I've been lucky with the jobs I've had in my life, none of Gay Pride Parade, San Francisco. them, I might add, with the post office. Generally, when I discovered they were driving me nuts, I'd quit. No family to support and no one depending on me to put food on the table has meant I could just leave and worry later. It's one of the advantages of the solitary life and I've made use of it.

I'm still not certain I've found that fit I've been looking for, but changing times and technologies have created more interesting choices. I like to write, but I don't like to write books. I don't want to be a reporter. I don't want to write glowing copy promoting somebody's company. I know these things having learned them in the usual manner: skinned knuckles, bruised brain and bankruptcy.

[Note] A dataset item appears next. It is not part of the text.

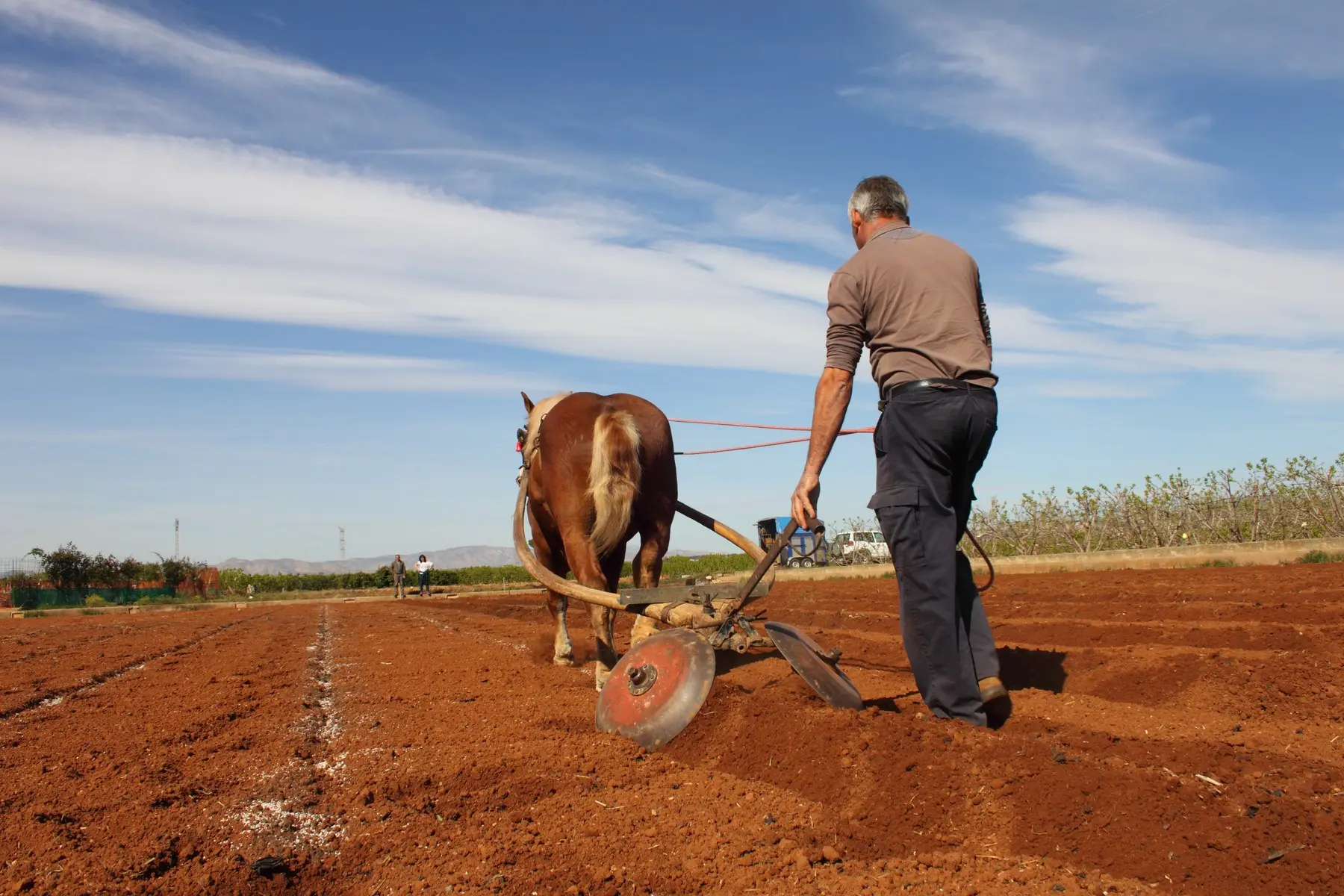 Caballo de tiro con arado abriendo los caballones donde se plantarían los chiles mexicanos cultivados en España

I don't want to publish magazines. I don't want to edit magazines. I don't want to earn my living shooting photographs for the same reasons: done that, didn't work, don't have the passion or the energy or the talent.

I like this technical stuff, this computer software and hardware business that I've done for some time now with varying degrees of success. What in the world might combine them together: writing, but not too much; graphics and design, but just a little; writing programs and tweaking computers? I've had to wait 50 years, but maybe this web thingy will provide some answers. At least it gets me up in the morning and fires me up at night to write this whatever it is journal then puts me to bed at night thinking, well, this is weird, but I'd like to get up and do it all over again tomorrow. (Without going postal except occasionally, like this afternoon, when the line is too long and only one stinking clerk is manning the station.)


 
The photographs were taken at this year's San Francisco Gay Pride Parade. I tossed the first banner I scanned of the bare naked lady on the back of the motorcycle because it wasn't as good as the one at the top. I would not have made the same decision when I was younger.